Mathematics Subject Classification

13C05 13C13 13C99 

1 Introduction

Throughout this paper, we assume that all rings are commutative with \(1 \ne 0\). Let R be a commutative ring. An ideal I of R is said to be proper if \(I \ne R\). Let M a unitary module over R and N be a submodule of M. The residual of N by M, \((N :_R M)\) or simply (N : M), denotes the ideal \(\{r \in R : rM \subseteq N\}\). For any element x of M, the ideal (N : x) is defined by \((N : x) = \{r \in R : rx \in N\}\). Let \(a \in R\). Then, \(N_a = \{x : x \in M ~~ and~~ ax \in N\}\) is a submodule of the R-module M. Let \(m \in M\), a cyclic submodule that is generated by m is a submodule of M has the form \(Rm = \{rm : r \in R\}\). A proper submodule N of M is said to be irreducible if N is not an intersection of two submodules of M that properly contain it.

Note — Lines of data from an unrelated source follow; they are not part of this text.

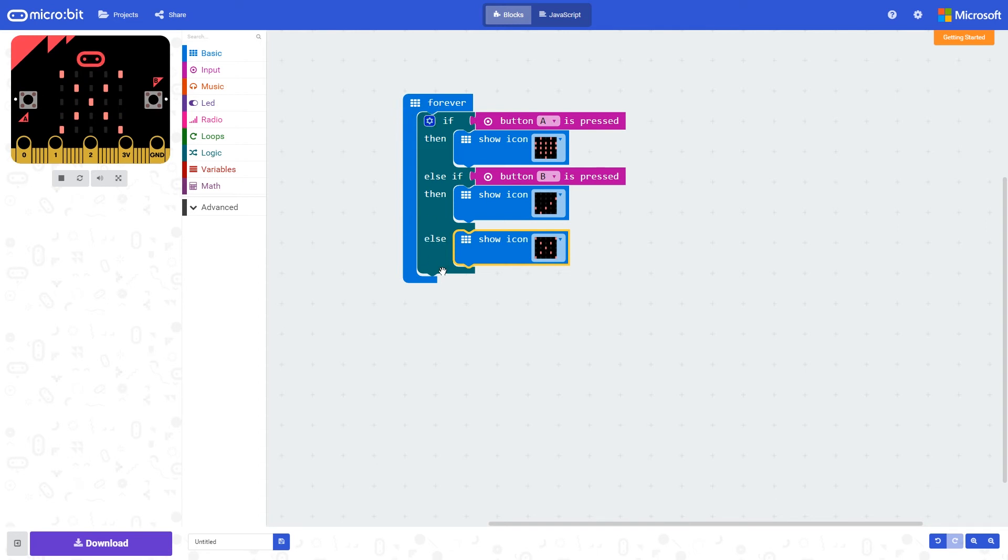So it keeps going around this forever loop, and then when it comes in here, the first test is: is button A pressed? If it is, then we'll put a heart on the screen. Else if button B is pressed, we'll have a tick.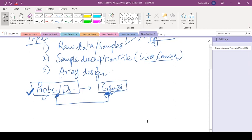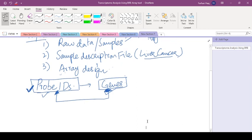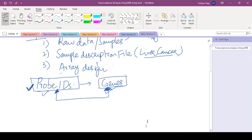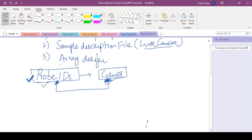So there are three things: raw data, sample description file, and array design. These three things are important before going into the analysis.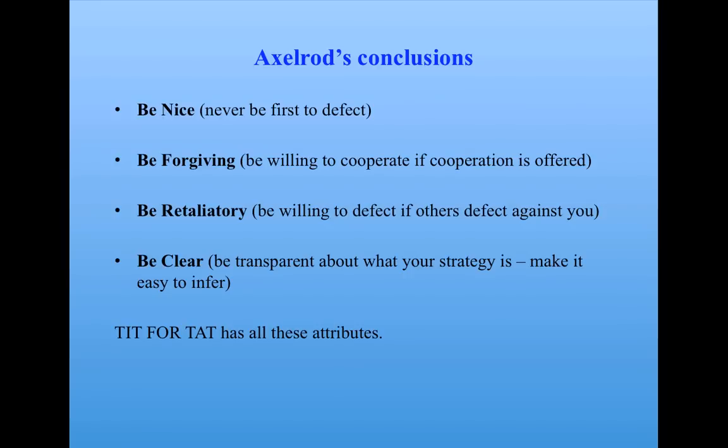That's all I'm going to say about the prisoner's dilemma. It's a huge field, actually, with many, many variations. And I've put some references up on the course materials page that will give you a feeling for the different kinds of variations. Axelrod's book, The Complexity of Cooperation, talks about many of them. And some of the optional homework assignments will have you read about some of them.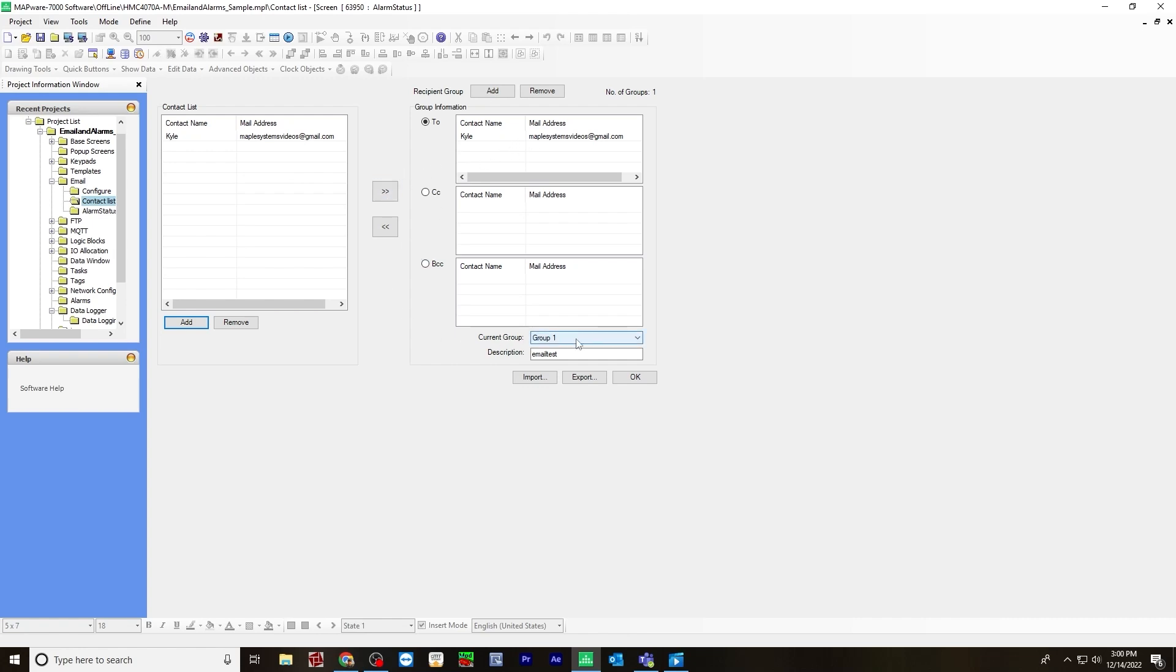And then current group would be group one. And then description can be whatever you like. I just typed email test, and then you would hit OK.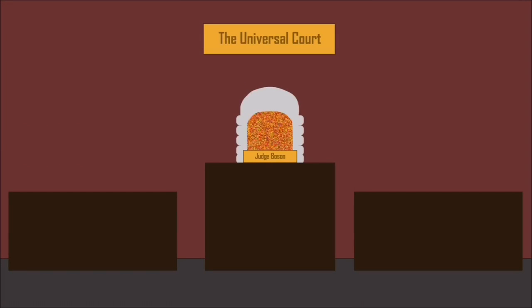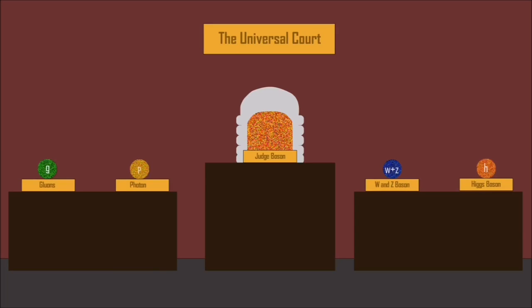Bosons are the fundamental particles which govern the forces of our universe. Fundamental particles which are bosons include gluons which are the carriers of the strong nuclear force which holds together the protons and neutrons in the nucleus of atoms, photons which carry the electromagnetic force that helps us to see, W and Z bosons which carry the weak nuclear force, and the Higgs boson which is responsible for giving mass to all matter.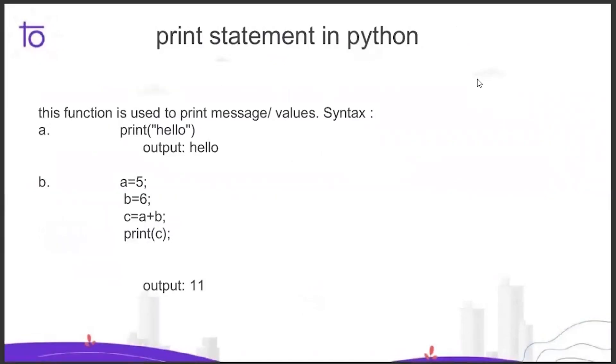Now moving to the print statement in Python. This function is used to print messages or values. For syntax, I have shown you: I put 'hello' in the print with double quotes and the output is 'hello'.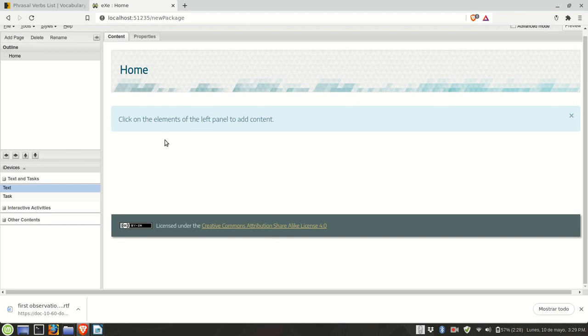So what you first need to do is to insert a text box. So you go to the left, click on text.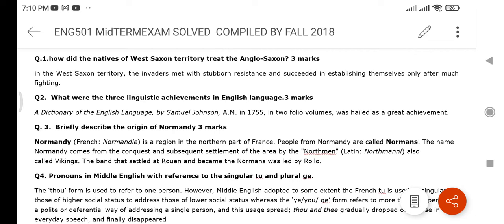Asalaamu alaikum warahmatullahi wabarakatuh. ENG501 students are asking to share the important questions for the term. The first question: How did the natives of West Saxon territory treat the Anglo-Saxons? The answer is that the invaders met with stubborn resistance and succeeded in establishing themselves only after much fighting and war.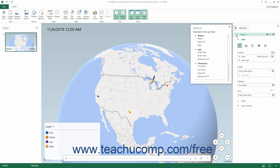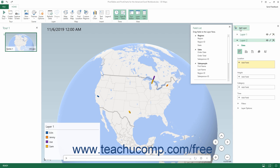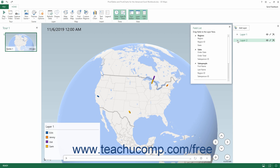You can add, delete, and rename layers within the Layer pane for a selected scene in your 3D Maps tour if desired. To add a new layer, click the Add Layer button at the top of the Layer pane. A new sequentially numbered layer is then added to the bottom of the Layer pane. To expand and collapse a layer's options in this pane, click the arrow icon to the left of the desired layer's name in the Layer pane.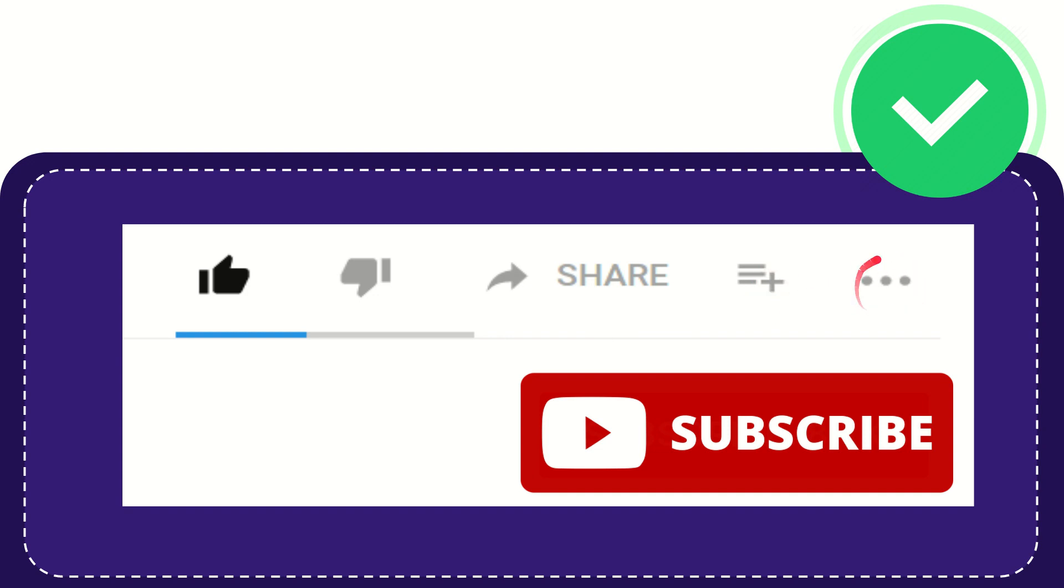You can find more options by clicking these three dots. And yeah, don't forget to subscribe. I think that's all of it. Thank you so much for watching this video, and see you again in another video. Bye-bye, see you again.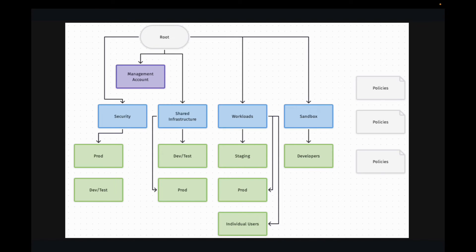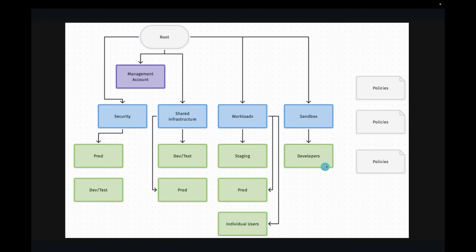On the right you see policies. Policies can be applied at three different levels within AWS Organizations. First, you can apply policies at the management account or root level, so the policy applies to everything under the entire organization. Second, you can apply a policy at an OU level — it applies only to that OU and its member accounts. Third, you can apply a policy to a specific member account only. For example, password policies are a great organizational-level policy. We'll have an in-depth session on AWS organization policies in another video.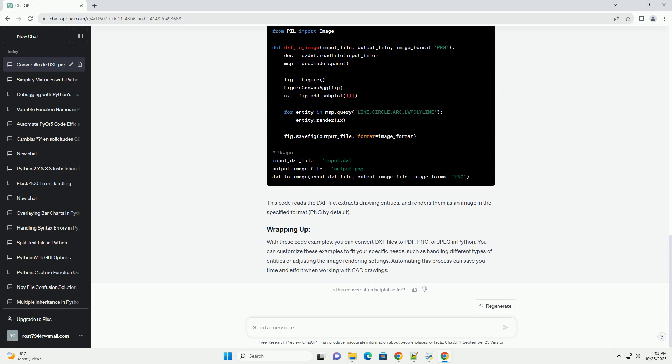To convert DXF to PNG or JPEG, we will use the ezdxf library to extract the drawing information and matplotlib to render the image. You'll also need to install the Pillow library to save the image in PNG or JPEG format. This code reads the DXF file, extracts drawing entities, and renders them as an image in the specified format — PNG by default.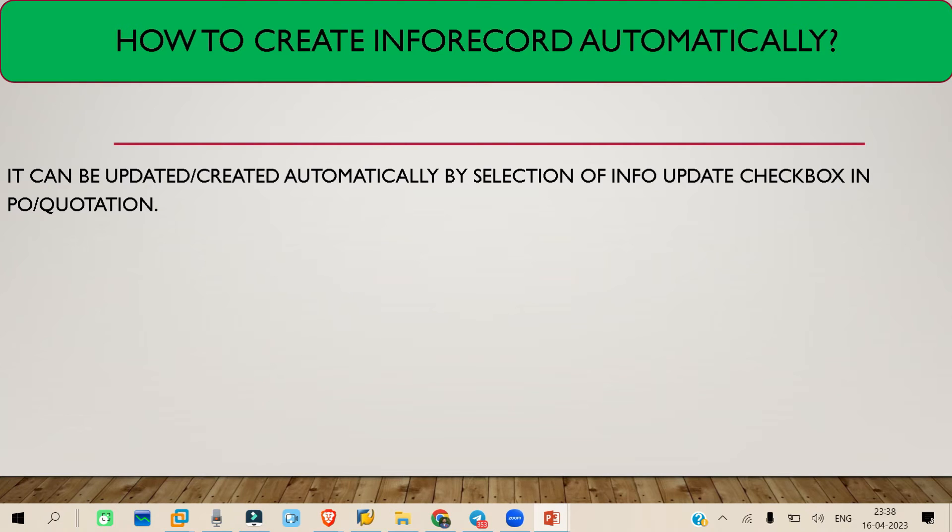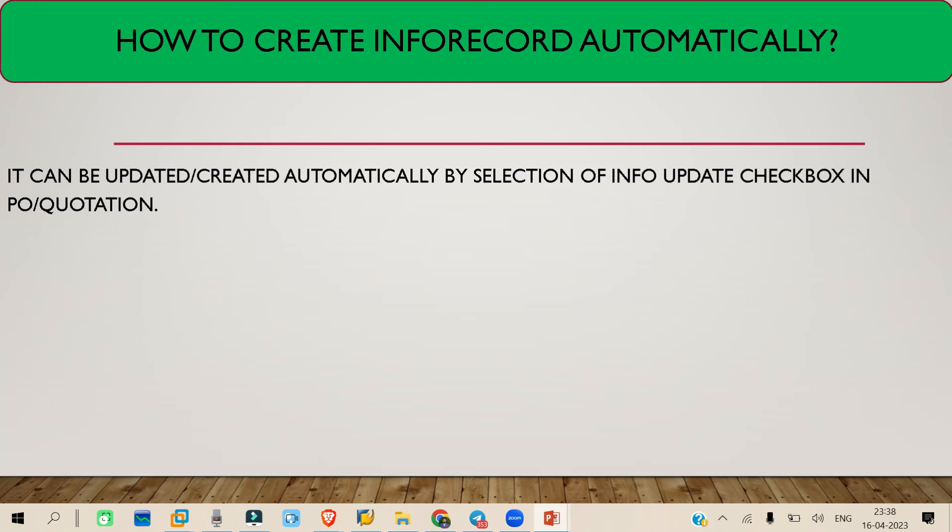We can create the inforecord manually in ME11, but there is a process how we can create the inforecord automatically or update it. There are two methods or two documents or two processes from which we can update the inforecord. If the inforecord is not existing, then we can create an inforecord automatically.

The set of zero divisors of M, denoted by Zd(M) is defined by \(Zd(M) = \{r \in R : ~~for~~ some~~ x \in M~~ and~~ x \ne 0, rx = 0\}\). An R-module M is called a multiplication module if every submodule N of M has the form IM for some ideal I of R. Prime ideals play a crucial role in ring theory, since they interfere with many branches of algebra and they represent an important role in understanding the structure of ring. A proper ideal I of a ring R is called a prime ideal if, whenever \(ab\in I\) for \(a, b \in R\), then \(a\in I\) or \(b\in I\). A proper submodule N of an R-module M is said to be a prime submodule if, whenever \(a \in R\), \(m \in M\), and \(am \in N\), then \(m \in N\) or \(a \in (N : M)\).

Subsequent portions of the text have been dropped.